[Problem to solve] The answer should consist of every record, reproduced exactly.

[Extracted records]
((

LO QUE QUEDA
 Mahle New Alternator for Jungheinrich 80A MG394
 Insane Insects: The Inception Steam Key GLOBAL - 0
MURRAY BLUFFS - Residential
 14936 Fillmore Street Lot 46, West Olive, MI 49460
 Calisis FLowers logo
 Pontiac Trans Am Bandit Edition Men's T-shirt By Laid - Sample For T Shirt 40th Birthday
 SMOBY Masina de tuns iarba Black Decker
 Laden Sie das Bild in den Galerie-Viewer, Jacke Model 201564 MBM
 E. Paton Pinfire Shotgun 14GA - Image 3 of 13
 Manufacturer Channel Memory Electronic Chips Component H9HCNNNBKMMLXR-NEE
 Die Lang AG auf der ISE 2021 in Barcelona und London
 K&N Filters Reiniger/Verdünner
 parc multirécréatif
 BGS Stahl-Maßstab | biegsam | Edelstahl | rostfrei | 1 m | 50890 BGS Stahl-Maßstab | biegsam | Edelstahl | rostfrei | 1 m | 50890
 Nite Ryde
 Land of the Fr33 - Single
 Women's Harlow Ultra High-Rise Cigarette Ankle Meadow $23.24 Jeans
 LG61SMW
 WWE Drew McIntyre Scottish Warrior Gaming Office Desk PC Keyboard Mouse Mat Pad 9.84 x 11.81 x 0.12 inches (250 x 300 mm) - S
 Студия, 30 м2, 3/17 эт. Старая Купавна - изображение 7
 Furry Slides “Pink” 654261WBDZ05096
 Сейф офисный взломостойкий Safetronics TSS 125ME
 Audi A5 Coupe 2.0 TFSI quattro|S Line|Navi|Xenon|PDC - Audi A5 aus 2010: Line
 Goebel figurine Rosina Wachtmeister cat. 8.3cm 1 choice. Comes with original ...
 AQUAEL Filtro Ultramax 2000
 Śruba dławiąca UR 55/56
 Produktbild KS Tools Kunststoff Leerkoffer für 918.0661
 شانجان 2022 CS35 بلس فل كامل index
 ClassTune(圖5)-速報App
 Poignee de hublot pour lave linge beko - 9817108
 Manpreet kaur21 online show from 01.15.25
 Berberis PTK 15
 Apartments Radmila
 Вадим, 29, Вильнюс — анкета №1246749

))

[Solution below]
LO QUE QUEDA
 Mahle New Alternator for Jungheinrich 80A MG394
 Insane Insects: The Inception Steam Key GLOBAL - 0
MURRAY BLUFFS - Residential
 14936 Fillmore Street Lot 46, West Olive, MI 49460
 Calisis FLowers logo
 Pontiac Trans Am Bandit Edition Men's T-shirt By Laid - Sample For T Shirt 40th Birthday
 SMOBY Masina de tuns iarba Black Decker
 Laden Sie das Bild in den Galerie-Viewer, Jacke Model 201564 MBM
 E. Paton Pinfire Shotgun 14GA - Image 3 of 13
 Manufacturer Channel Memory Electronic Chips Component H9HCNNNBKMMLXR-NEE
 Die Lang AG auf der ISE 2021 in Barcelona und London
 K&N Filters Reiniger/Verdünner
 parc multirécréatif
 BGS Stahl-Maßstab | biegsam | Edelstahl | rostfrei | 1 m | 50890 BGS Stahl-Maßstab | biegsam | Edelstahl | rostfrei | 1 m | 50890
 Nite Ryde
 Land of the Fr33 - Single
 Women's Harlow Ultra High-Rise Cigarette Ankle Meadow $23.24 Jeans
 LG61SMW
 WWE Drew McIntyre Scottish Warrior Gaming Office Desk PC Keyboard Mouse Mat Pad 9.84 x 11.81 x 0.12 inches (250 x 300 mm) - S
 Студия, 30 м2, 3/17 эт. Старая Купавна - изображение 7
 Furry Slides “Pink” 654261WBDZ05096
 Сейф офисный взломостойкий Safetronics TSS 125ME
 Audi A5 Coupe 2.0 TFSI quattro|S Line|Navi|Xenon|PDC - Audi A5 aus 2010: Line
 Goebel figurine Rosina Wachtmeister cat. 8.3cm 1 choice. Comes with original ...
 AQUAEL Filtro Ultramax 2000
 Śruba dławiąca UR 55/56
 Produktbild KS Tools Kunststoff Leerkoffer für 918.0661
 شانجان 2022 CS35 بلس فل كامل index
 ClassTune(圖5)-速報App
 Poignee de hublot pour lave linge beko - 9817108
 Manpreet kaur21 online show from 01.15.25
 Berberis PTK 15
 Apartments Radmila
 Вадим, 29, Вильнюс — анкета №1246749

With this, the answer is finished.